# 02_reddit_strategy
We now look at how we can get reddit data. This is a bit more complex, as the flow of information on reddit isn't quite as clean and one-directional as on Twitter.  
Hence, for now, we will focus solely on subreddits, and collecting new posts to these subreddits, along with some author info, any text associated with it, and crucially, a url of a given post in that subreddit. If we then feel the need to collect comments on that post, we can do this at a later stage, when required.  
For now, we will use the `PRAW` module, although it might also make sense to investigate `pushshift`.

NL, 29/11/22

## IMPORTS

In [198]:
import os
from dotenv import load_dotenv
import praw
from psaw import PushshiftAPI
import datetime as dt
from dateutil import parser as date_parser
from prawcore.exceptions import NotFound
import json

## FUNCTIONS

In [190]:
def reddit_post_to_dict(post:praw.models.reddit.submission.Submission,
                        custom_fields:list=None,
                        overwrite_core_fields:bool=False,
                        convert_timestamp:bool=True) -> dict:
    '''
    function that converts an object of the praw.submission type
    into a dict. this is useful primarily in order to serialise this
    to json and write out to file.

    args:
        - post, a submission ('post') in a subreddit retrieved via praw
        - custom_fields, a list of strings containing additional fields returned by 
          praw which are to be retained
        - overwrite_core_fields, bool, indicates whether core (standard) fields
          of the output dict are to be retained, or whether they should be replaced
          entirely by 'custom_fields'
    '''    
    if not isinstance(post, praw.models.reddit.submission.Submission):
        raise TypeError('post must be a praw submission object')

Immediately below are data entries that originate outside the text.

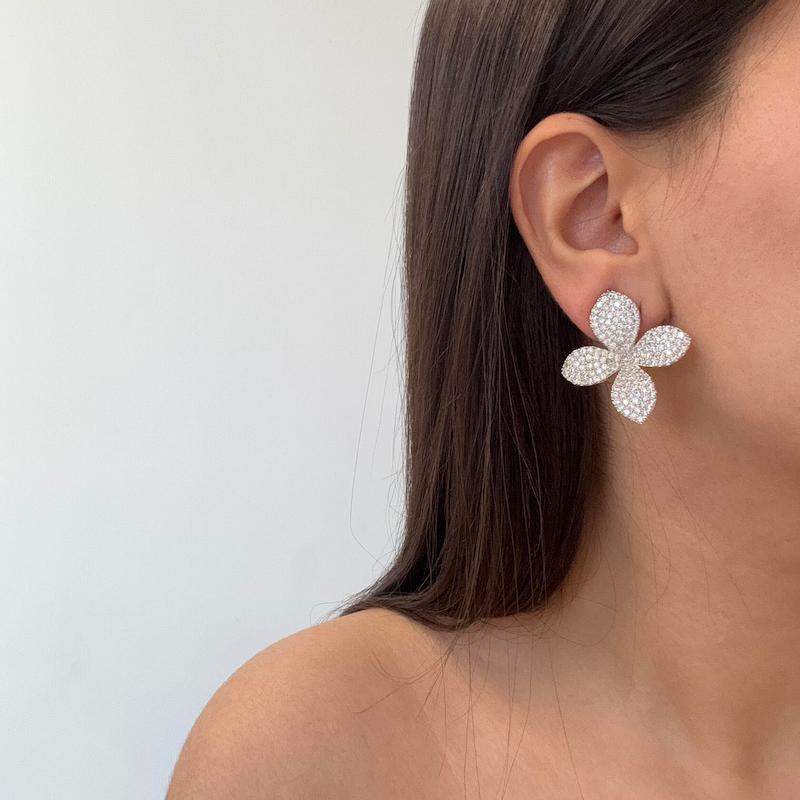 گوشواره گل جواهری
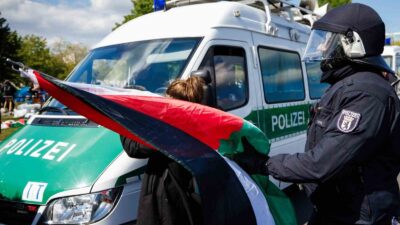 Alman polisi, başkent Berlin’de bulunan Federal Meclis önündeki Filistin’e destek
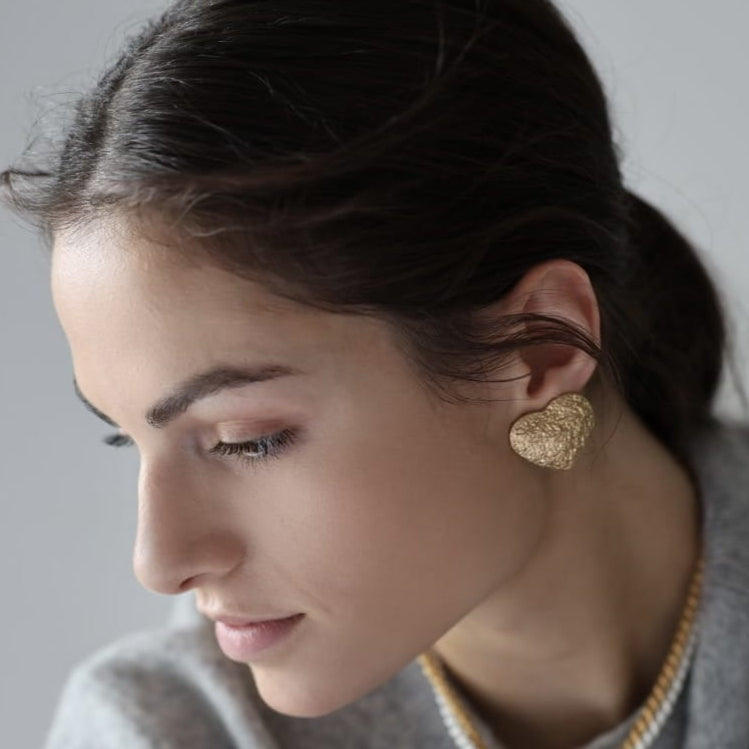 HEART SILVER EARRINGS 金 Gold-Plated Silver Heart Earrings - handmade silver jewelry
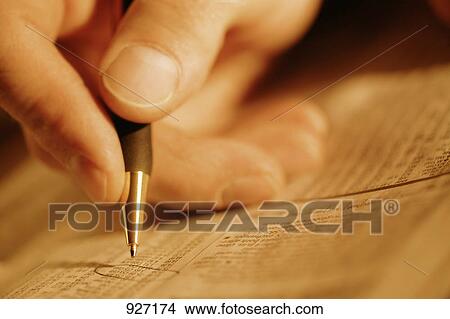 Picture - Circling stock. Fotosearch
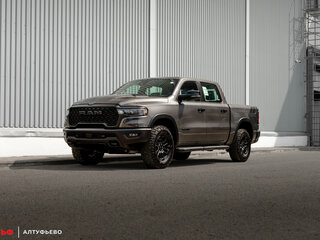 2025 Ram 1500 Crew Cab V Рестайлинг, серый, 9090000 рублей, вид 1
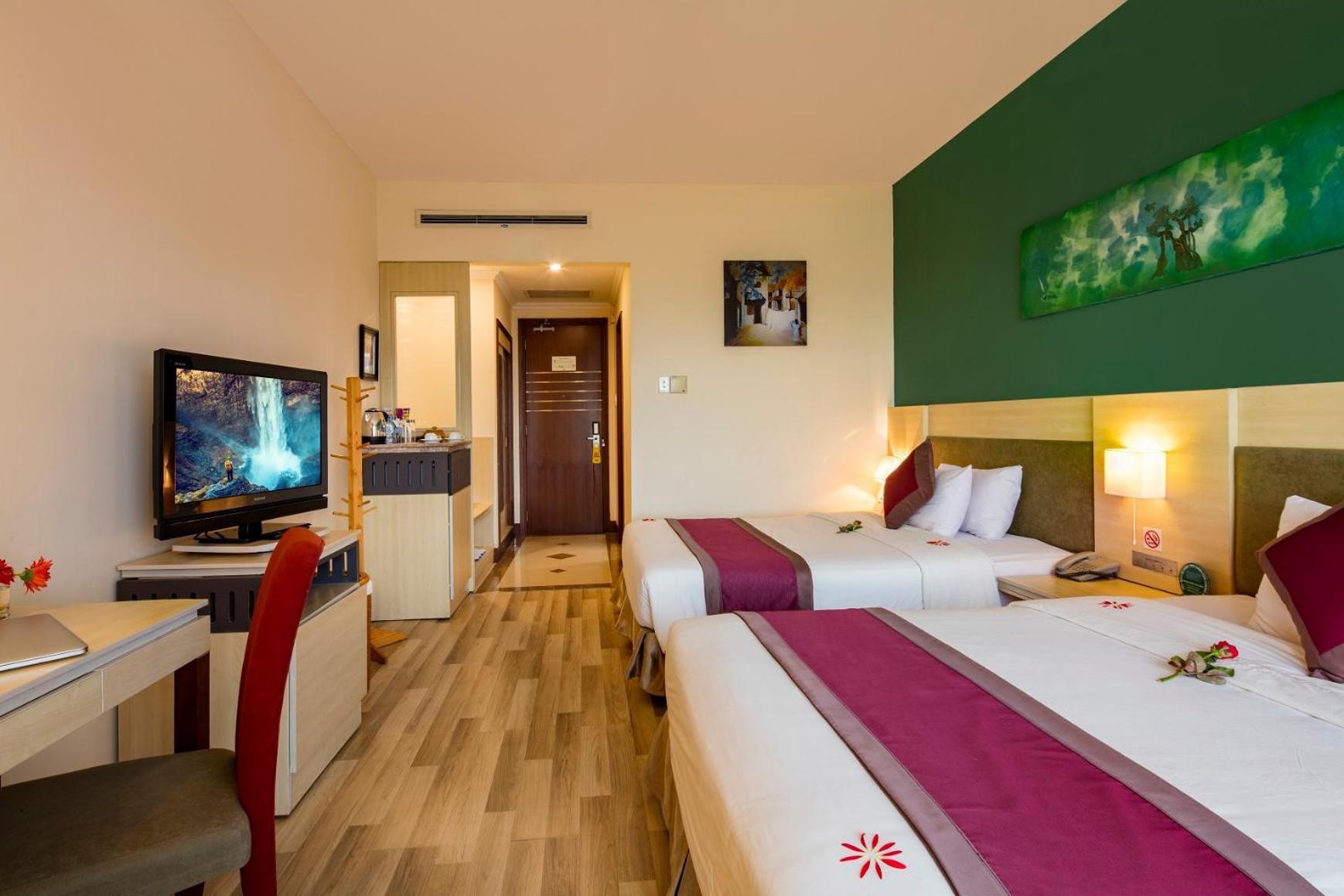Sai Gon Quang Binh Hotel Ντονγκ Χόι Εξωτερικό φωτογραφία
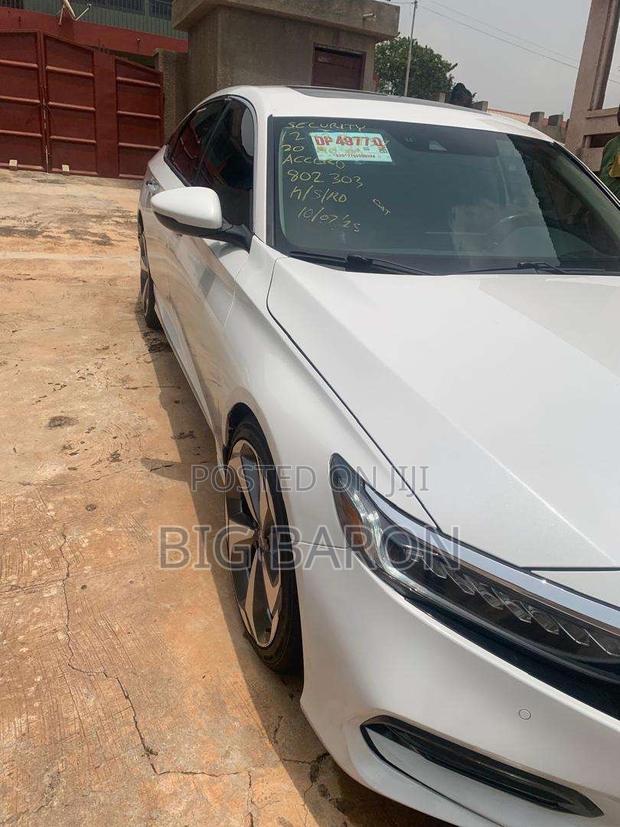Honda Accord Touring 2.0T 2020 White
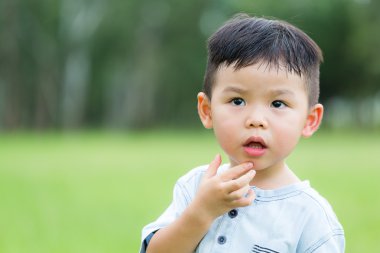 şirin Asyalı küçük çocuk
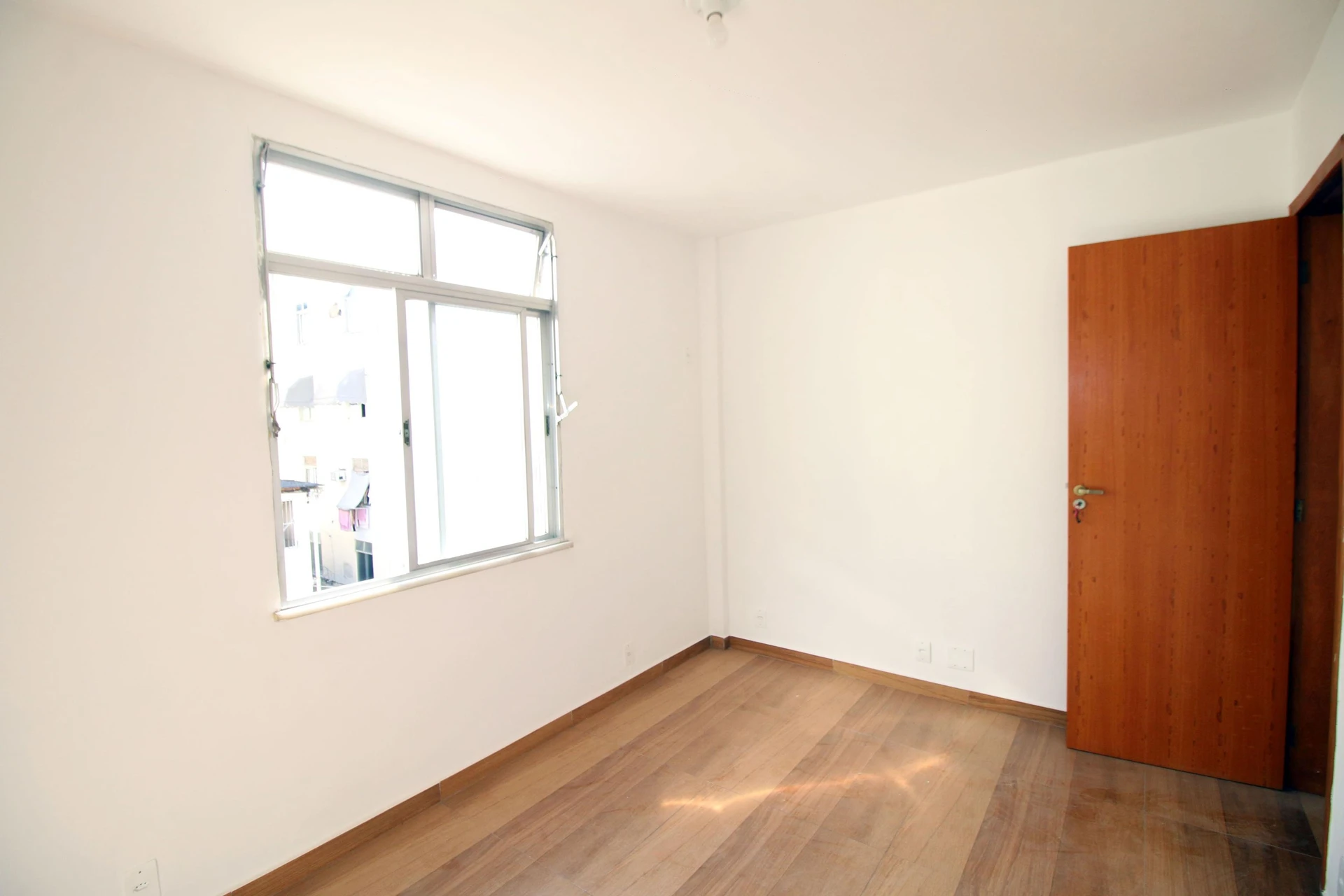 Apartment, 48 m², with wood or laminate floors — photo 17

    if overwrite_core_fields:
        if not custom_fields:
            raise ValueError('custom_fields is not defined')

    core_fields = ['id', 'created_utc', 'title', 'selftext', 'domain', 'url', 'num_comments', 'score', 'ups', 'downs', 'author']
    if overwrite_core_fields:
        core_fields = custom_fields
    elif isinstance(custom_fields, list) and len(custom_fields)>0:
        core_fields += custom_fields

    core_user_fields = ['name', 'id', 'total_karma', 'verified', 'created_utc']
    #user_field_names_out = ['user_'+x for x in core_user_fields]

    tmp_dict = vars(post)
    out = {field:tmp_dict[field] for field in core_fields if field in tmp_dict.keys()}

    if 'created_utc' in out.keys():
        if convert_timestamp:
            out['created_utc'] = dt.datetime.fromtimestamp(out['created_utc']).strftime('%Y/%m/%d %H:%M:%S')

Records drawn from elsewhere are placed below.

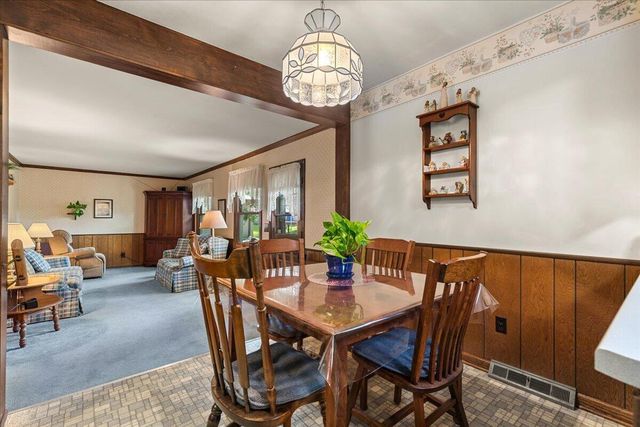 1713 Howlett LANE, Waukesha, WI 53186
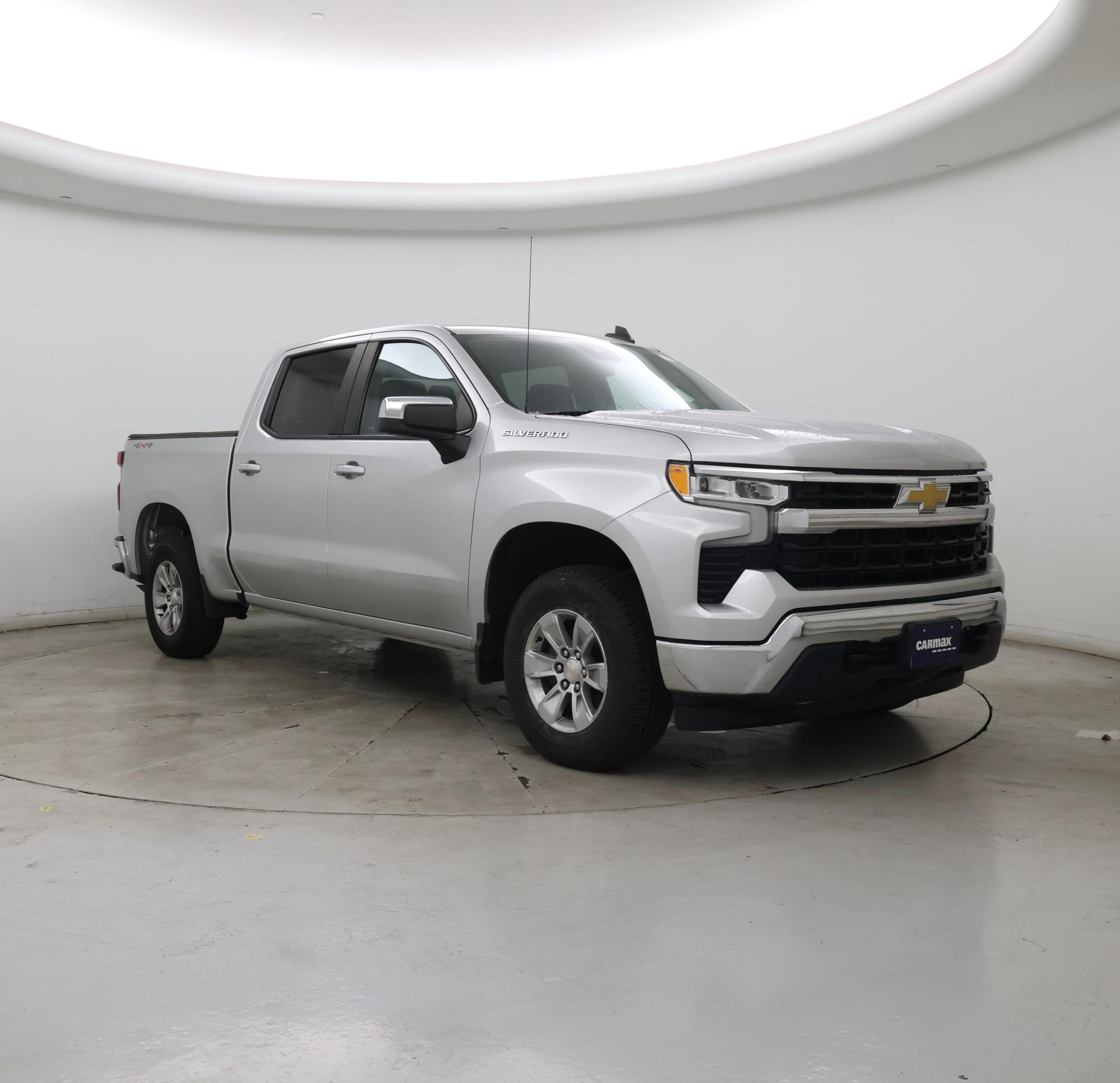 Silver 2022 Chevrolet Silverado 1500 LT Crew Cab 4WD Pickup Truck Four-Wheel Drive Automatic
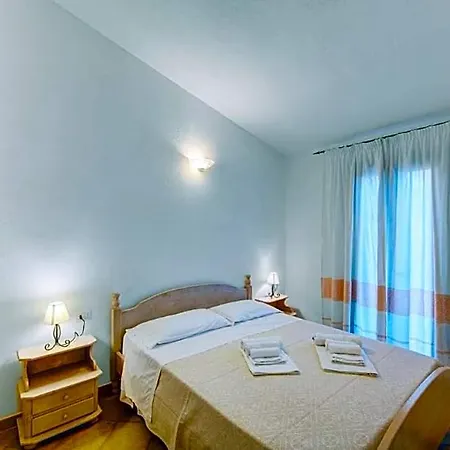 The Fantastic Residenza Badus 1 Bedroom Sleeps 4 Child Hotel Badesi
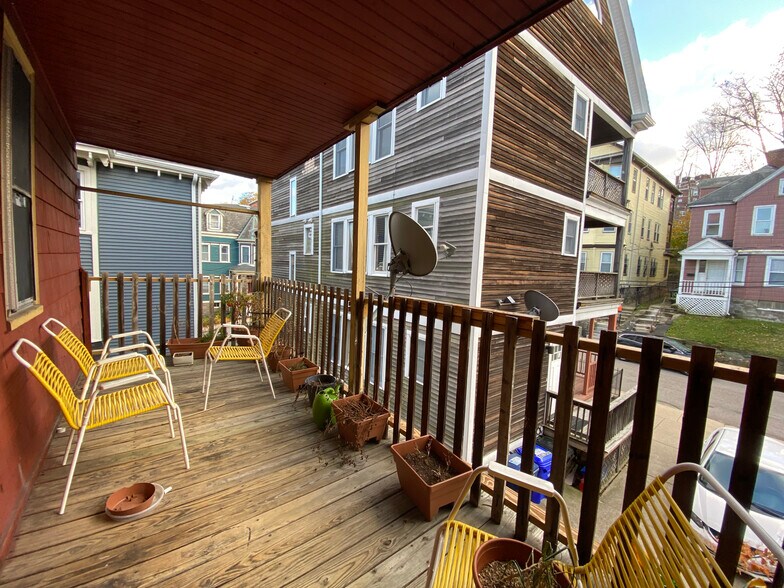 Building Photo - 168 Hillside St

    if 'author' in out.keys():
        # we will now process the author object and append to our out object
        # tmp_dict = vars(post.author)
        # user_dict = {'user_'+field:tmp_dict[field] for field in core_user_fields if field in tmp_dict.keys()}
        # try:
        #     user_name = post.author.name
        # except AttributeError:
        #     user_name = None

        # try:
        #     user_id = post.author.id
        # except AttributeError:
        #     user_id = None

        # try: 
        #     user_total_karma = post.author.total_karma
        # except AttributeError:
        #     user_total_karma = None

        # try:
        #     user_verified = post.author.verified
        # except AttributeError:
        #     user_verified = None

        # try:
        #     user_created_utc = post.author.created_utc
        # except AttributeError:
        #     user_created_utc = None

        user_dict = {'user_'+field:get_user_attribute(user=post.author, attribute=field) for field in core_user_fields}

        # user_dict = {
        #     'user_name' : user_name,
        #     'user_id' : user_id,
        #     'user_total_karma' : user_total_karma,
        #     'user_verified' : user_verified,
        #     'user_created_utc' : user_created_utc
        # }
        
        del out['author']

        out.update(user_dict)

        if convert_timestamp:
            if 'user_created_utc' in out.keys() and isinstance(out['user_created_utc'], float):
                out['user_created_utc'] = dt.datetime.fromtimestamp(out['user_created_utc']).strftime('%Y/%m/%d %H:%M:%S')

    return out

In [183]:
def get_user_attribute(user:praw.models.reddit.redditor.Redditor,
                       attribute:str):
    '''  
    helper function for getting user-level attributes from a praw
    redditor object. this function avoids breaking code due to 
    missing attributes when throwing an attribute error
    '''
    try:
        val = getattr(user, attribute, None)
    except NotFound:
        val = None
        
    return val

In [212]:
def extract_newest_date_from_json(reddit_post_json:str):
    ''' 
    when we re-start collecting reddit post data, 
    we want to make sure we don't collect any posts we've already
    retrieved. so, we'll get the date/time of when the most recently
    collected post was published.

    args:  
        - reddit_post_json: full filepath to the json we want to 
          extract a date from.  
    '''
    if not os.path.isfile(reddit_post_json):
        raise ValueError(f'{reddit_post_json} is not a valid file. Please supply a valid reddit json file')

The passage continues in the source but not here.